The writing was on the wall, direbbero i nostri colleghi d’Oltremanica. Insomma, in un certo senso già si sapeva: la filiera della carne coltivata italiana è morta prima di riuscire a muovere i primi passi, cedendo di fatto la sua fetta di mercato al resto del mondo. In altre parole, il divieto di produzione e importazione della carne coltivata è stato approvato in maniera definitiva dal Senato: 93 voti a favore, 28 contrati e 33 astenuti – una vittoria schiacciante che si presenta clamorosamente miope all’appuntamento con le esigenze ambientali ed etiche di un sistema alimentare disperatamente affamato di innovazione.

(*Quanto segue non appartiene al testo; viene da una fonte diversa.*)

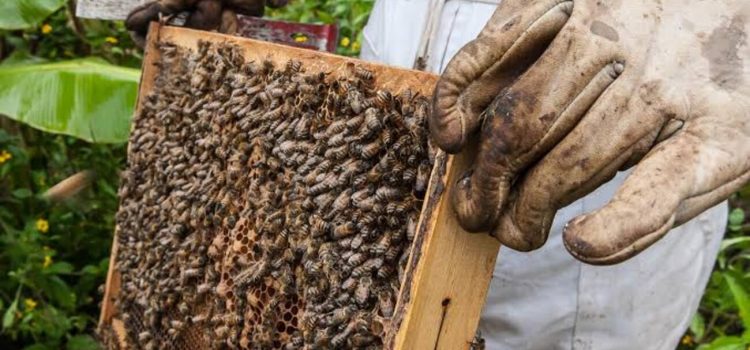 Fortalecen en el Estado la actividad apícola en Áreas Naturales Protegidas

La carne coltivata è messa al bando: le parole di Lollobrigida
La zappa sui piedi, l’inciampo sull’ideologia, il tagliarsi i cosiddetti per fare un dispetto alla moglie – tracciate un po’ voi i paralleli che preferite, il nocciolo della questione è che l’Italia, Paese che ama compiacersi e specchiarsi flettendo il proprio muscolo gastronomico, si è presentata in ritardo (anzi, non si è presentata affatto) a uno degli appuntamenti più importanti del futuro prossimo. Chiaro, in un certo senso ci siamo già abituati: basti pensare a quanto è capitato con gli insetti.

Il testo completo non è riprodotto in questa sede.